Three sites subject to closure by members
A blockade to three Manitoba Hydro sites in northern Manitoba by the Fox Lake Cree Nation was still in effect early Friday evening as negotiations continued between band members and Hydro CEO Kelvin Shepherd.
Fox Lake Cree Nation Chief Walter Spence said talks with Shepherd had been on-going since 10:30 a.m. and would probably last until at least 10 p.m. Friday.
As of 7 p.m., Spence said the blockade near the remote First Nations community, located about 1,000 kilometres northeast of Winnipeg, was still in effect while Hydro officials huddled to go over Fox Lake’s demands, which included a commitment to breach the “broken trust” between the band and Crown corporation.
The blockade was first erected on Thursday at the junction of the reserve and Highway 290 after Spence said sacred ceremonial land near the site was desecrated. Access to Hydro’s Limestone Generation station, Keewatinohk Access Gate and Henday Converter Station was blocked.
Spence said the action was taken after members found ceremonial land adorned with prayer flags and tobacco ties had been destroyed. Several nearby trees were uprooted.
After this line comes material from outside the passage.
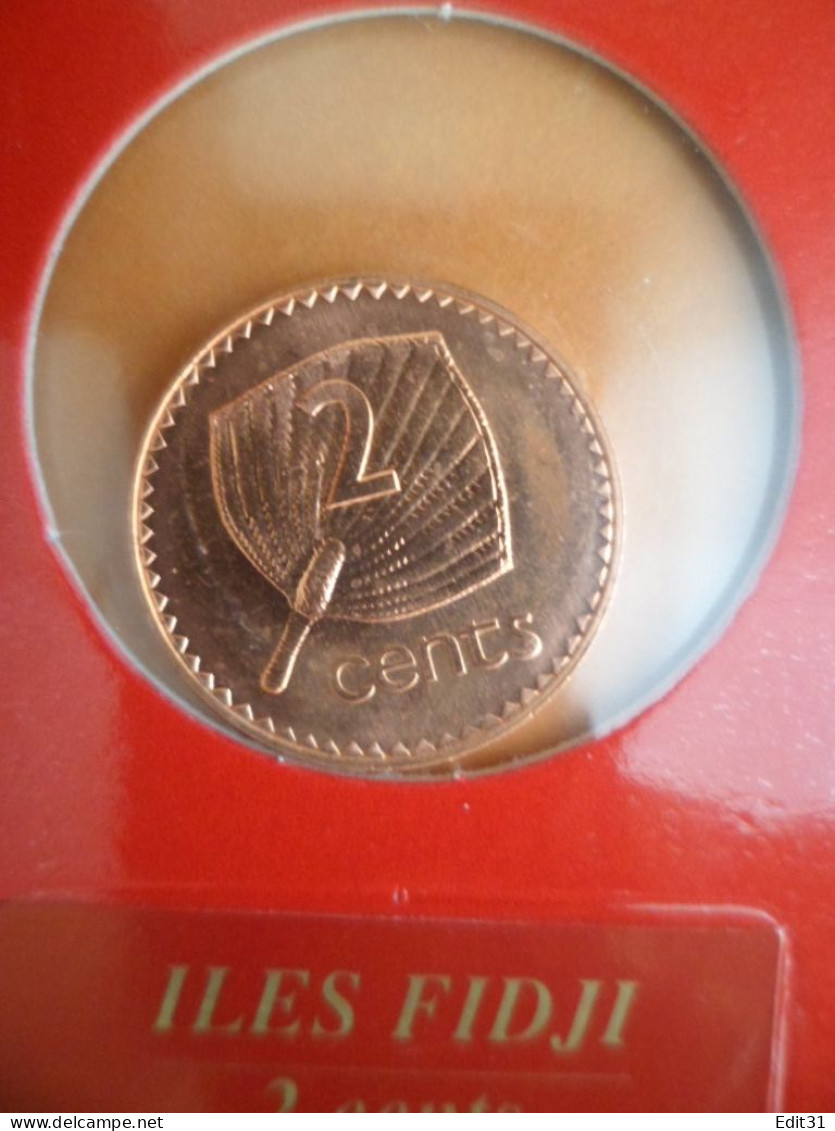 Monnaie - Sous Blister , Iles FIDJI - 1 Et 2 Cents - Fidji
The flags and ties had been placed by members of the Cree Nation in November as part of a ground-breaking ceremony to honour the land before construction began by Manitoba Hydro on the reserve; Manitoba Hydro participated in the ceremony.
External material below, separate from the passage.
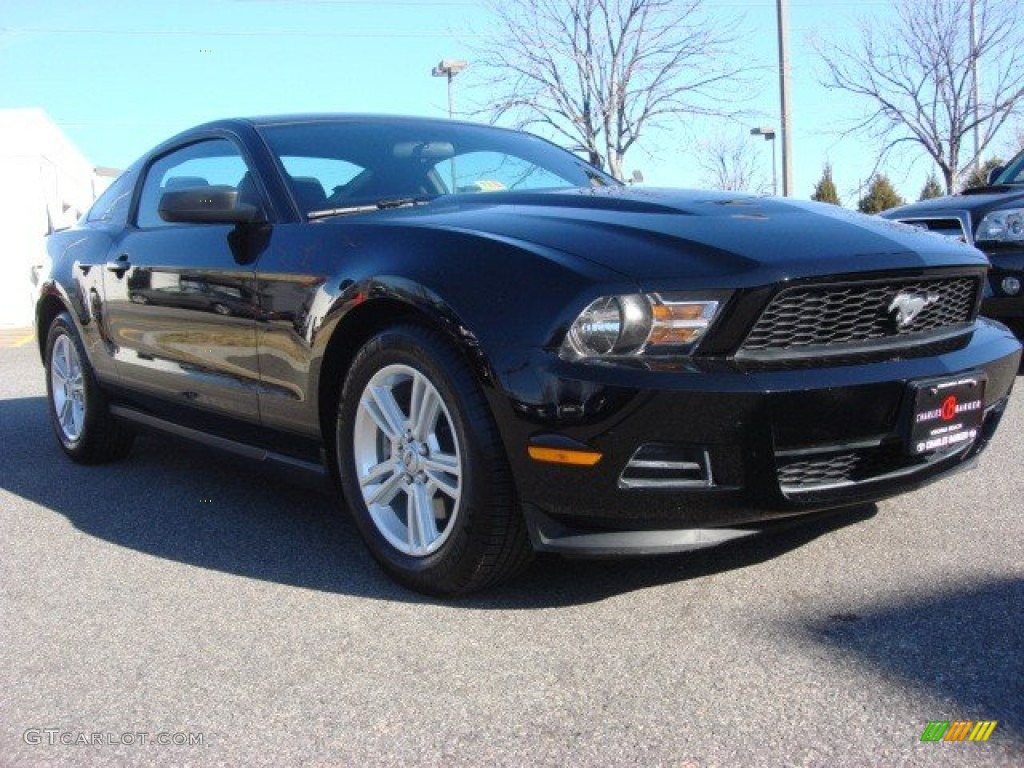 2011 Mustang V6 Coupe - Ebony Black / Charcoal Black photo #1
Hydro CEO Shepherd arrived at Fox Lake Friday morning at the band’s request.
Spence said the initial meeting between band members and the CEO was “heated and tense”. But, the chief added, “the tension diffused and we had more dialogue and more openness.”
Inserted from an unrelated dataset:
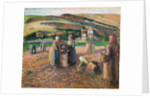 Picking Potatoes, 1893 by Camille Pissarro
Shepherd also met with band elders, who gave Shepherd an oral history of the effect of hydro construction projects on the community. “That made most of the members say, ‘Yes, he’s genuine,'” Spence said.
However, the chief said unless Shepherd can commit to improving communication between the corporation – including future trips to Fox Lake to meet with leaders – the blockade will continue.
“It really depends on the outcome of this (Friday) evening,” Spence noted.
Hydro spokesman Scott Powell said negotiations will continue.
“We remain optimistic that that we can resolve the issues with regard to both the ceremonial site and blockade as quickly as possible,” Powell said, adding: “Our investigation into what happened at the ceremonial site is ongoing.
The blockade hasn’t impacted ongoing work at the three sites as the workers live in camps on the sites, but has blocked access in and out of the sites for Hydro’s 280 workers.